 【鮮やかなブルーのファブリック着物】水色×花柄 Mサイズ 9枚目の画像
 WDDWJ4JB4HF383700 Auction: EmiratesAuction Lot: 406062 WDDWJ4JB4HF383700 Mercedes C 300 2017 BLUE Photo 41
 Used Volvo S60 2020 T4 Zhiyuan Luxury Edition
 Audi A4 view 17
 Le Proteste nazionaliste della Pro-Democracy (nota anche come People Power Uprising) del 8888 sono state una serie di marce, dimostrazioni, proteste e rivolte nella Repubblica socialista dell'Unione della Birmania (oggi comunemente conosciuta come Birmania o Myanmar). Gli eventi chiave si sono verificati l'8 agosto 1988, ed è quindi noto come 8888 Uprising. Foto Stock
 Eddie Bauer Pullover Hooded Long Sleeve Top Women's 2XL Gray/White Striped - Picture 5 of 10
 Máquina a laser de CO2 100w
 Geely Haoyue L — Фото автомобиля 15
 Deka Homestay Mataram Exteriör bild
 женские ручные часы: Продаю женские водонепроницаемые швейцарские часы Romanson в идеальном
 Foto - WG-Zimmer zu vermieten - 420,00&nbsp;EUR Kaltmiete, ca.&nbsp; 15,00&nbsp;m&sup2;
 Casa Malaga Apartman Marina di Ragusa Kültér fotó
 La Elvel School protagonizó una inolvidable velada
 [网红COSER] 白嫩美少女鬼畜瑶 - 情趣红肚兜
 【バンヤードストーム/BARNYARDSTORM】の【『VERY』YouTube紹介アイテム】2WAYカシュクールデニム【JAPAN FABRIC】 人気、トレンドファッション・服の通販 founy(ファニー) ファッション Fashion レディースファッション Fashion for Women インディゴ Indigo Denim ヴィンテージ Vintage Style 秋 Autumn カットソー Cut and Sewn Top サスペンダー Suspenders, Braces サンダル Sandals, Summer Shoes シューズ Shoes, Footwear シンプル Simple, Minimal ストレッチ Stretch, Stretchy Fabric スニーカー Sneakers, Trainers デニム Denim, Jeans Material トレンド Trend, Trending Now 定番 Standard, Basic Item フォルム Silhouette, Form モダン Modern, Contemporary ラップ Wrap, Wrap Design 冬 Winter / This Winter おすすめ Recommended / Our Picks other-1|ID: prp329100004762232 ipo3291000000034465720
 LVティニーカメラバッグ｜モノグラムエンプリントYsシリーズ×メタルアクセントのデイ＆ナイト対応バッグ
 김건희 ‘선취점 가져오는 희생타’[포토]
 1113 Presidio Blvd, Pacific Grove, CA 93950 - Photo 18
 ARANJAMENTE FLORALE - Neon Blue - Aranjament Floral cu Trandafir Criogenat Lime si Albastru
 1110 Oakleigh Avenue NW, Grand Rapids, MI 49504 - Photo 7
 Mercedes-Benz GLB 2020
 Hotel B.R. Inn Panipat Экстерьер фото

### REQUIREMENT
Lines that hold "Photo" are the ones to copy, so pick each out from the data.

### TASK OUTPUT
 WDDWJ4JB4HF383700 Auction: EmiratesAuction Lot: 406062 WDDWJ4JB4HF383700 Mercedes C 300 2017 BLUE Photo 41
 1113 Presidio Blvd, Pacific Grove, CA 93950 - Photo 18
 1110 Oakleigh Avenue NW, Grand Rapids, MI 49504 - Photo 7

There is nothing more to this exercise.